Note that after backspacing an empty text, the text will continue empty.
Example 1:
Input: s = "ab#c", t = "ad#c"
Output: true
Explanation: Both s and t become "ac".
Example 2:
Input: s = "ab##", t = "c#d#"
Output: true
Explanation: Both s and t become "".
Example 3:
Input: s = "a#c", t = "b"
Output: false
Explanation: s becomes "c" while t becomes "b".
Constraints:
1 <= s.length, t.length <= 200
s and t only contain lowercase letters and '#' characters.

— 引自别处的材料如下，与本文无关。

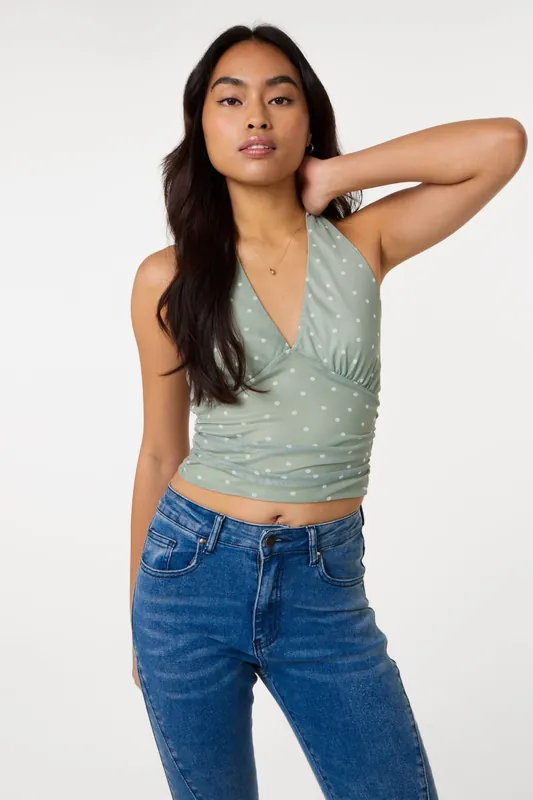 Pale Green Ruched Side Halter Top In Polka Dot - Pink Vanilla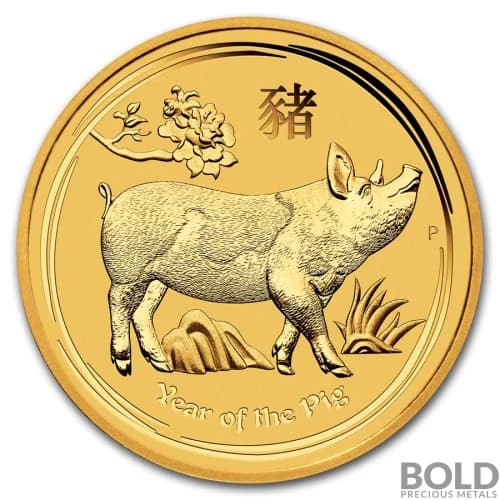 2019 Gold Australia Lunar Pig - 1/4 oz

Follow up: Can you solve it in O(n) time and O(1) space?
思路一:用栈实现
public boolean backspaceCompare(String s, String t) {
char[] chars1 = s.toCharArray();
char[] chars2 = t.toCharArray();
Stack<Character> stack1 = new Stack<>();
for (char c : chars1) {
if (c == '#' && !stack1.isEmpty()) {
stack1.pop();
} else if (c != '#') {
stack1.push(c);
}
}
Stack<Character> stack2 = new Stack<>();
for (char c : chars2) {
if (c == '#' && !stack2.isEmpty()) {
stack2.pop();
} else if (c != '#') {
stack2.push(c);
}
}
return stack1.equals(stack2);
}
思路二: 从字符串后面往前面遍历,可以省去栈的调用
public boolean backspaceCompare2(String s, String t) {
char[] chars1 = s.toCharArray();
char[] chars2 = t.toCharArray();
StringBuilder s1 = new StringBuilder();
int count = 0;
for (int i = chars1.length - 1; i >= 0; i--) {
char c = chars1[i];
if (c == '#') {
count++;
} else {
if (count == 0) {
s1.append(c);
} else {
count--;
}
}
}
StringBuilder s2 = new StringBuilder();
count = 0;
for (int i = chars2.length - 1; i >= 0; i--) {
char c = chars2[i];
if (c == '#') {
count++;
} else {
if (count == 0) {
s2.append(c);
} else {
count--;
}
}
}
return s1.toString().equals(s2.toString());
}